Я повернулась к стене, что напротив окон – там висел впечатляющий набор живописных работ – и принялась изучать их. То были портреты членов семейства Лайонс во всем их блеске и славе: шикарные джентльмены в рубашках, отороченных кружевом, и шляпах с перьями; красавицы дамы в роскошных платьях, украшенных блестками, детишки со скучающими лицами и масса их престарелых предков или родственников с суровыми физиономиями.
– Вот это Рубенс. – Мистер Уинтерс указал на портрет джентльмена со строгим лицом. – А Икинс написал вон ту даму, одетую пастушкой.
– А где же Давид? – спросила я, но тут же догадалась. Я не большой знаток живописи, однако всегда могла узнать настоящий шедевр. То был портрет очень красивой женщины, одетой в голубое платье с пышными развевающимися юбками.
– Ну, что скажете? – спросил мистер Уинтерс, с любопытством глядя на меня.
Я всмотрелась в картину.
– Изумительный портрет. Я должна знать, кто она такая?

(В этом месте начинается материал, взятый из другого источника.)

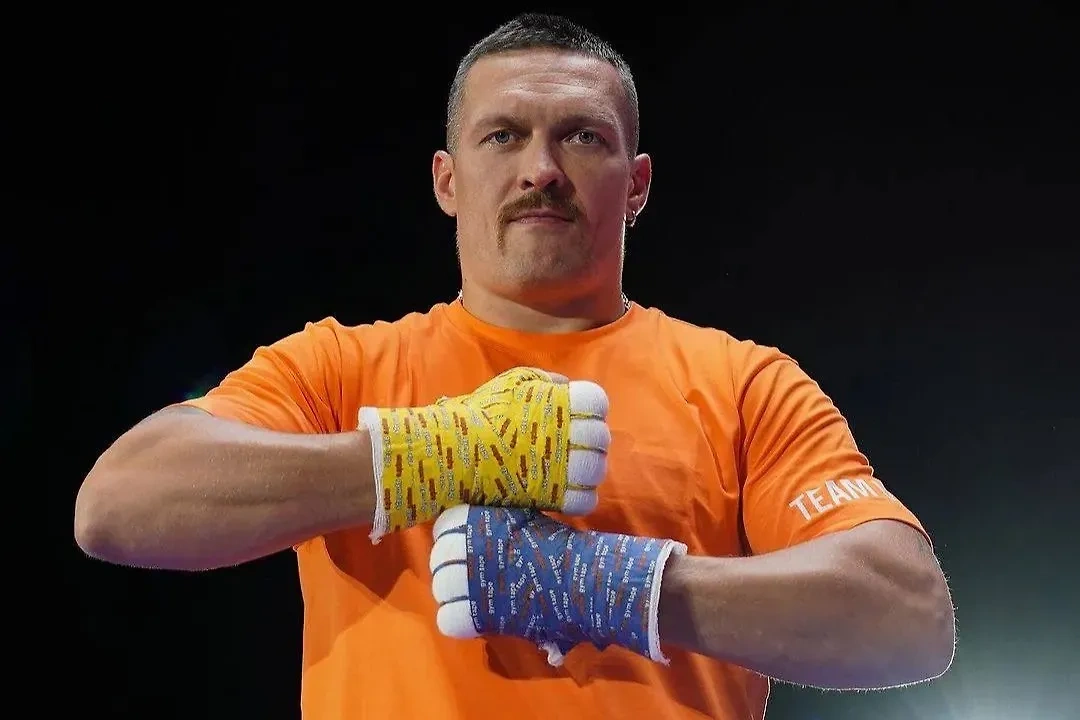 Украинский боксёр Александр Усик. Обложка © Telegram / USYK 17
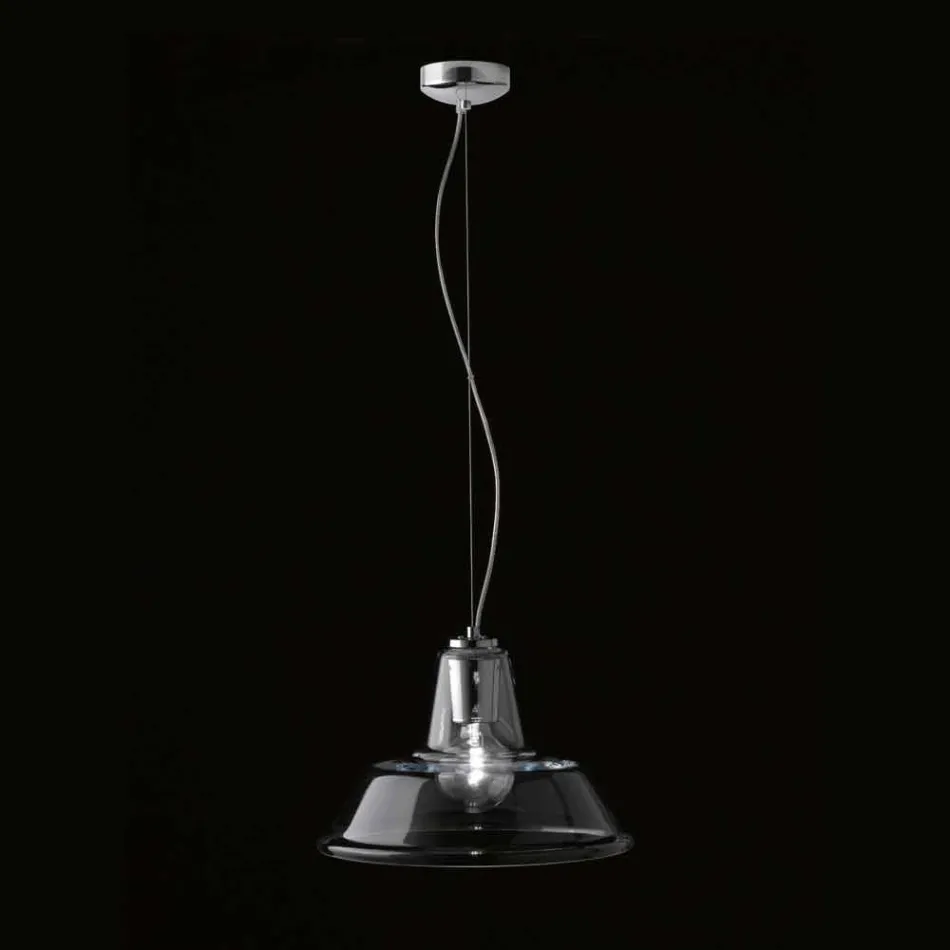 Lampe à suspension Selene Lampara soufflé Ø37 H 24/140 cm verre Viadurini
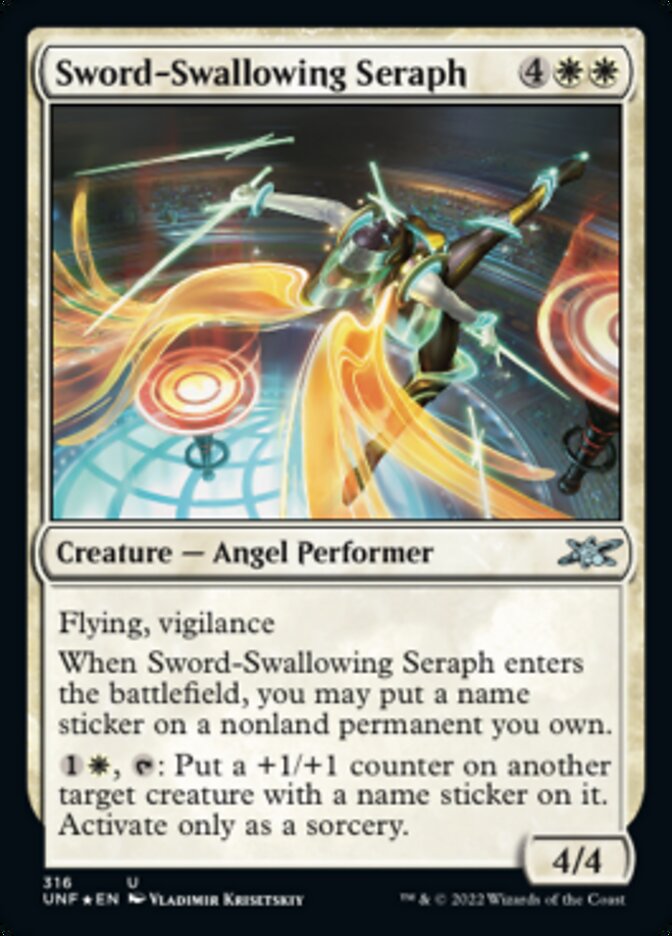 Sword-Swallowing Seraph (Galaxy Foil) [Unfinity] | GnG Games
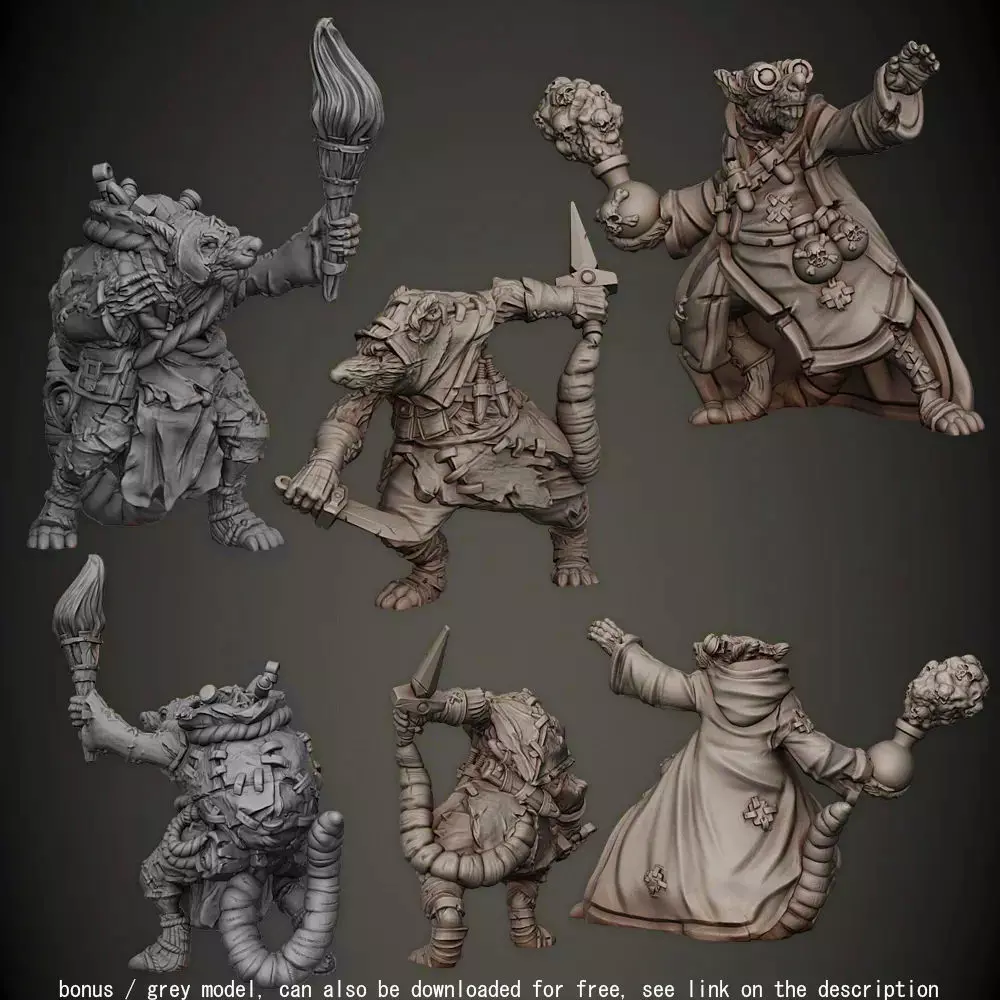 Rat Folk 3D print model
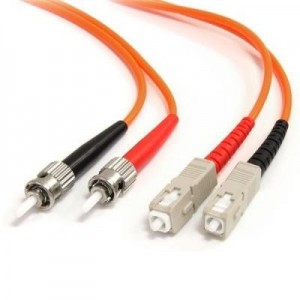 StarTech.com fiber optic kabel: 2m Multimode 62,5/125 Duplex Glasvezel Netwerkkabel ST-SC
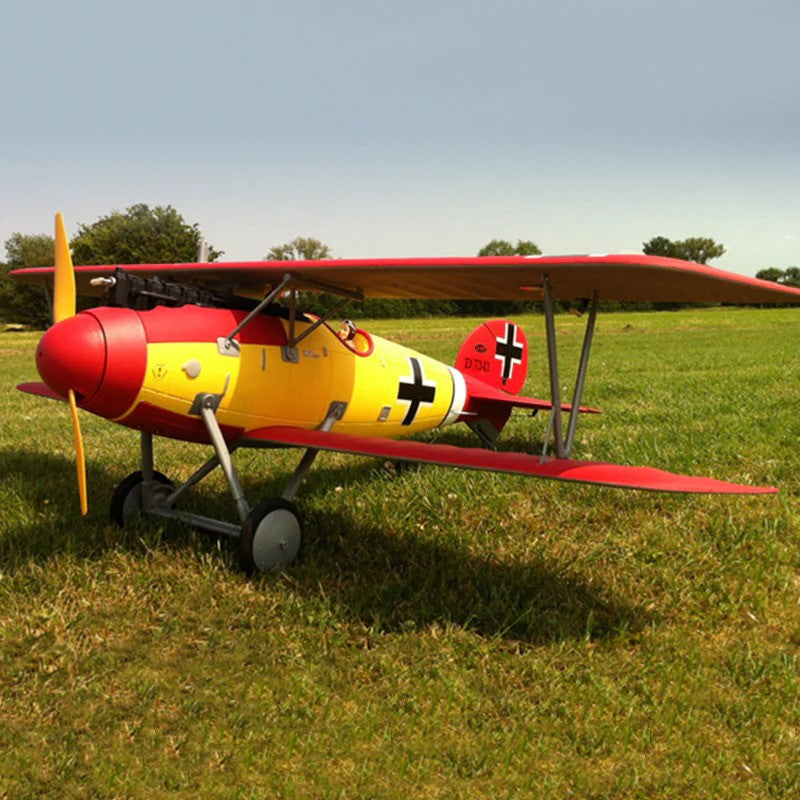 Dynam Albatros D.Va V2 4S RC Warbird Biplane 1300mm Wingspan PNP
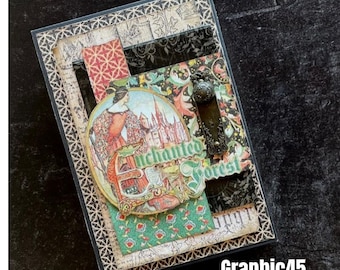 Enchanted Forest - DIY Interactive Folio Album - Graphic 45 Album Kit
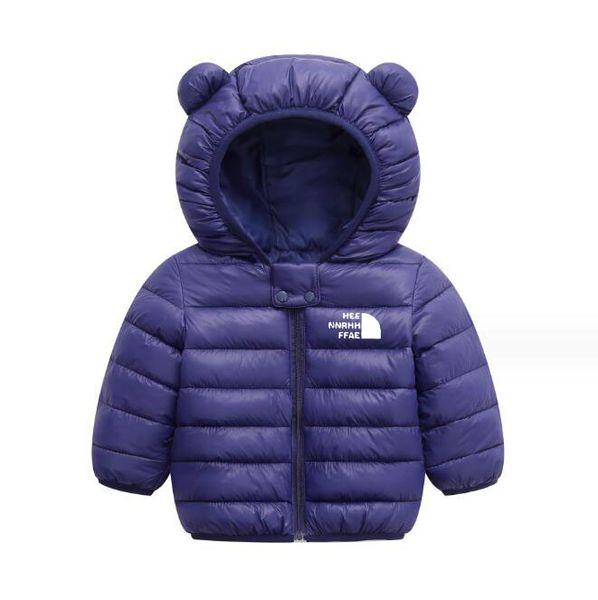 Piumino per neonati e ragazze Designer Abbigliamento per bambini Capispalla per bambini Felpa con cappuccio Cappotto in cotone Autunno/Inverno Forma classica dell'orecchio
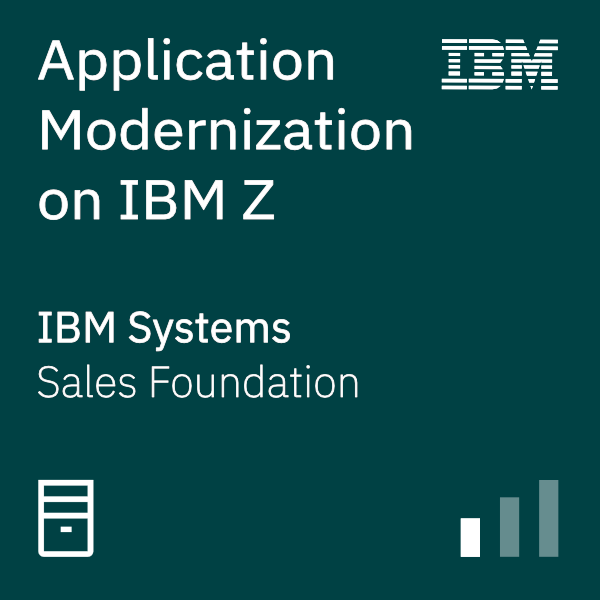 Application Modernization on IBM Z Sales Badge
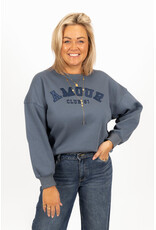 21Jewelz - The Label 21Jewelz | Sweater amour club 21 - blauw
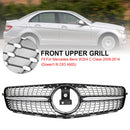 Diamond Front Bumper Grille Grill Fit C-Class Benz W204 C300 C350 2008-2014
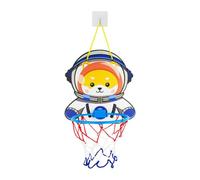 Generisch Panier de basket réglable pour enfants - Forme d'animaux de dessin animé - Panier de tir - Intérieur et extérieur - Panier de basket-ball pour enfants et bébés - Jouet pour enfants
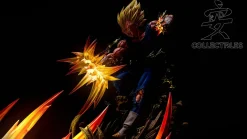 1/4 Scale Super Saiyan 2 Son Goku VS Super Saiyan 2 Vegeta with LED - Dragon Ball Resin Statue - KD Studios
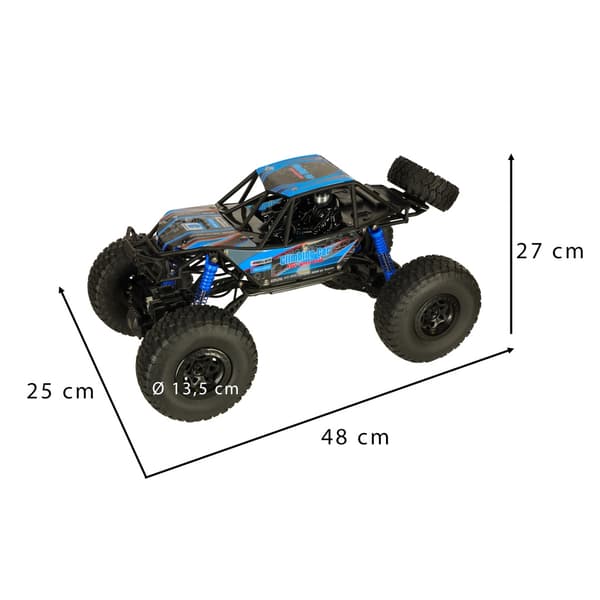 RC Crawler Klätterbil 1:10 4WD 48cm blå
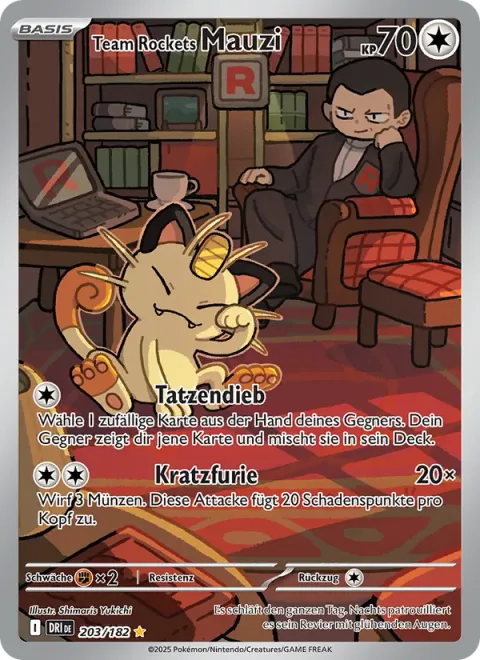 Team Rocket's Meowth [Paw-cket Pilfer | Fury Swipes]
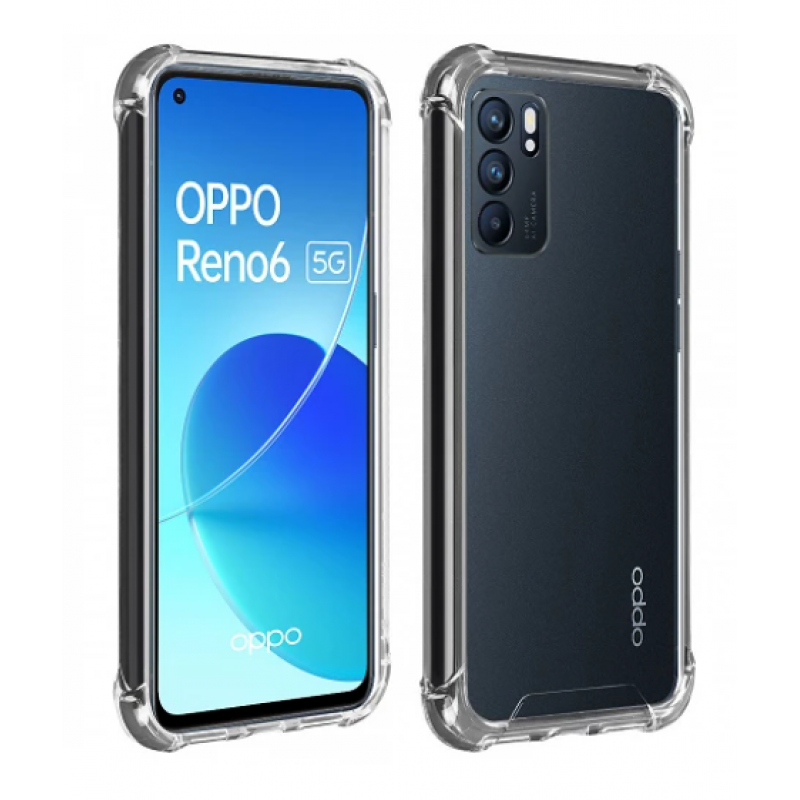 Oppo Reno 6 Pro 5G Capa de Proteção Transparente Antichoque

– Очень похожа на Беатрис, вам не кажется?
Я снова заглянула в холодные светло-голубые глаза изображенной дамы, выискивая знакомые черты.
– Да, определенное сходство с Беатрис есть.
– Анжелика Лайонс убила своего первого мужа во Франции, – небрежно заметил мистер Уинтерс.
У меня брови полезли на лоб.
– В самом деле?
– Именно он заказал Давиду ее портрет. Они ссорились на протяжении нескольких месяцев, и в итоге Анжелика заколола его кинжалом. Затем уехала из Парижа, прихватив шкатулку с драгоценностями и свой портрет, ну а потом вышла замуж за Айво Лайонса. Он, судя по всему, оказался очень мудрым и понимающим человеком.
Скорее всего, подумала я, эта Анжелика Лайонс обладала особым даром убеждения.
Мы молча прошли по галерее, разглядывая портреты. Время от времени я украдкой бросала взгляд на мистера Уинтерса и поражалась произошедшей с ним перемене. Он очень оживился, глаза его сверкали, он словно весь светился изнутри. Похоже, живопись действовала на него наподобие некоего тонизирующего средства.
Мы дошли до дальнего конца галереи, и я, точно громом пораженная, остановилась перед портретом, висевшим с самого края, отдельно от остальных.
– Но это же мисс Ван Аллен, – пробормотала я, не в силах скрыть удивление.